* **Exercise goal**:
Without altering a word, return the records below, but exclude the pictures.

* **Exercise input**:
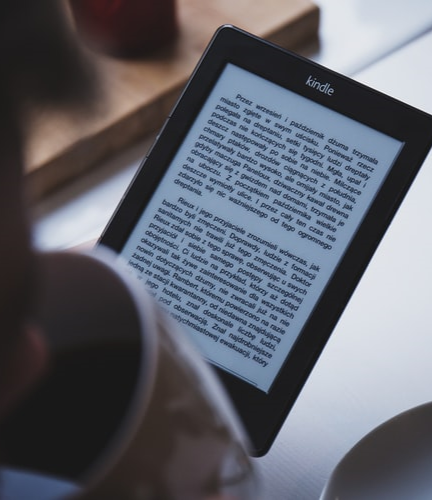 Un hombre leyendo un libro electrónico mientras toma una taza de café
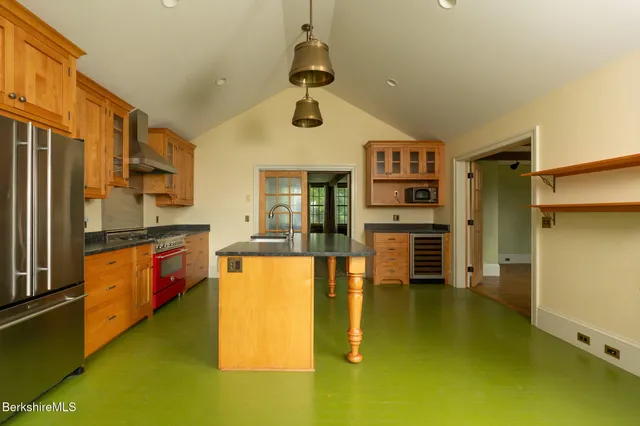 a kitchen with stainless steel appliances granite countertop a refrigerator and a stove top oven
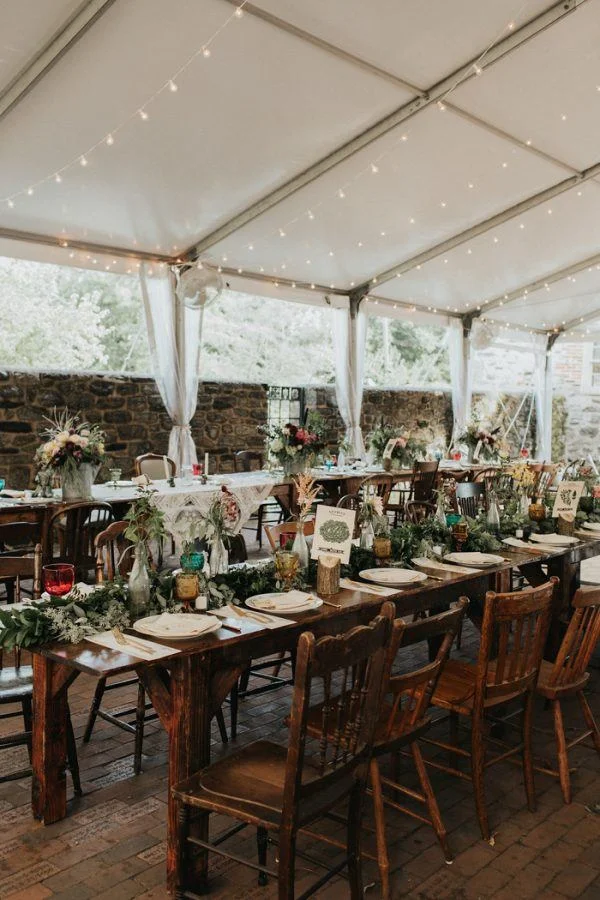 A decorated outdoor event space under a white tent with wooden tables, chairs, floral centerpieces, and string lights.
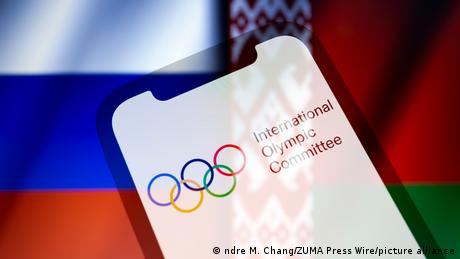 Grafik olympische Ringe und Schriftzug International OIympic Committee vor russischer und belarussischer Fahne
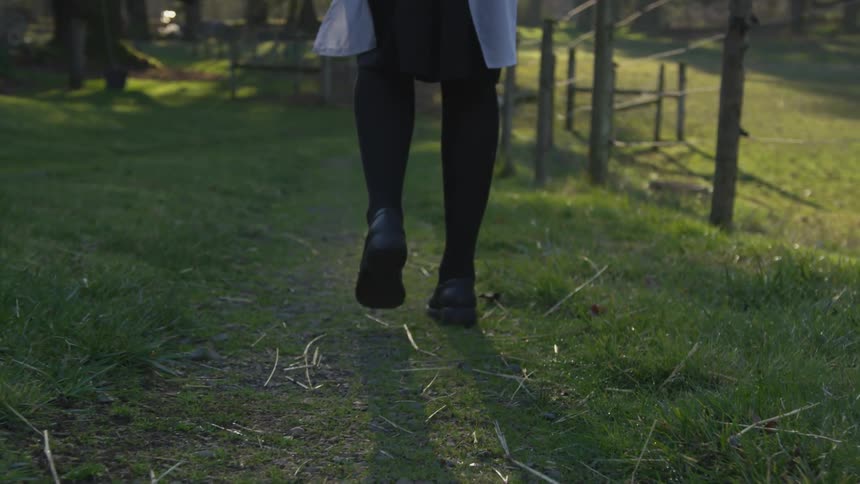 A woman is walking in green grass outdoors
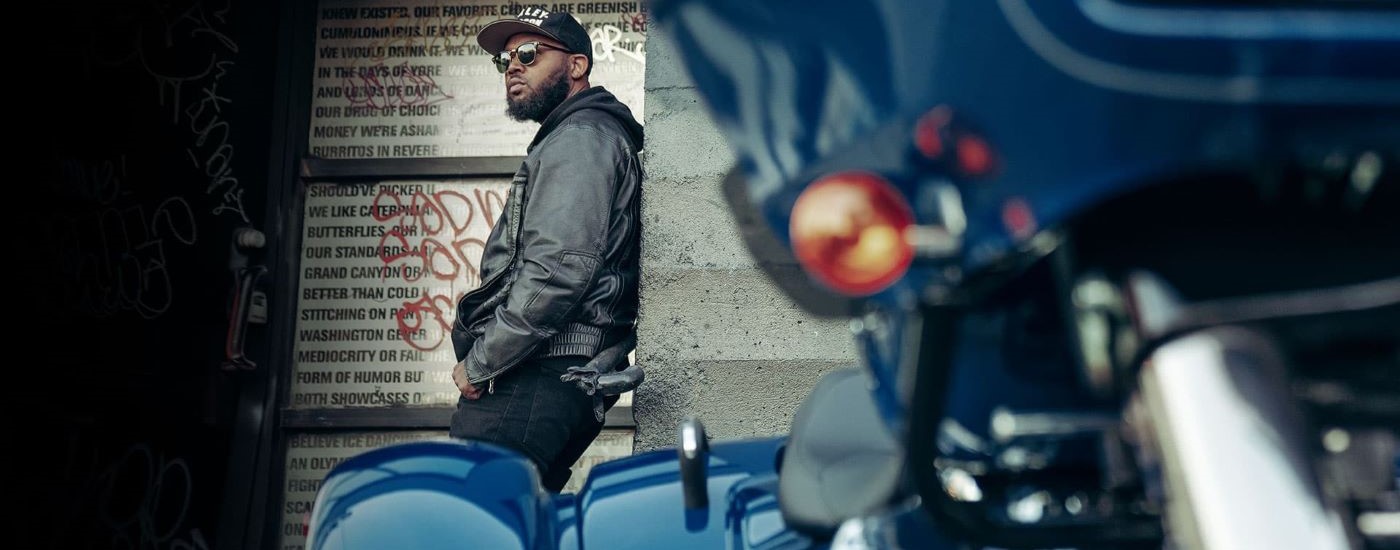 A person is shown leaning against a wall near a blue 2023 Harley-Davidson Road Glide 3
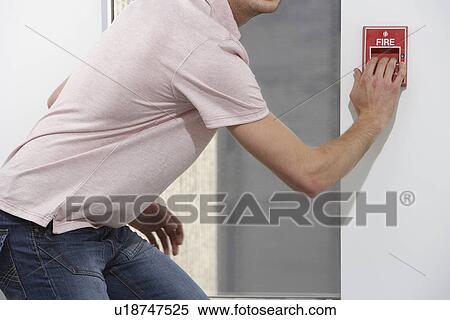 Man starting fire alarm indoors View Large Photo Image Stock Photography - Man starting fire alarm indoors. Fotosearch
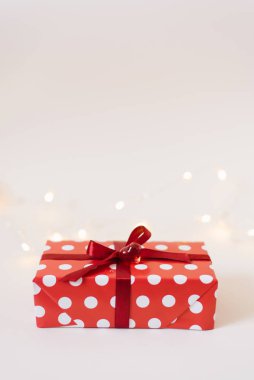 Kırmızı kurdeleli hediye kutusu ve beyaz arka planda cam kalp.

* **Output of the exercise**:
 Un hombre leyendo un libro electrónico mientras toma una taza de café
 a kitchen with stainless steel appliances granite countertop a refrigerator and a stove top oven
 A decorated outdoor event space under a white tent with wooden tables, chairs, floral centerpieces, and string lights.
 Grafik olympische Ringe und Schriftzug International OIympic Committee vor russischer und belarussischer Fahne
 A woman is walking in green grass outdoors
 A person is shown leaning against a wall near a blue 2023 Harley-Davidson Road Glide 3
 Man starting fire alarm indoors View Large Photo Image Stock Photography - Man starting fire alarm indoors. Fotosearch
 Kırmızı kurdeleli hediye kutusu ve beyaz arka planda cam kalp.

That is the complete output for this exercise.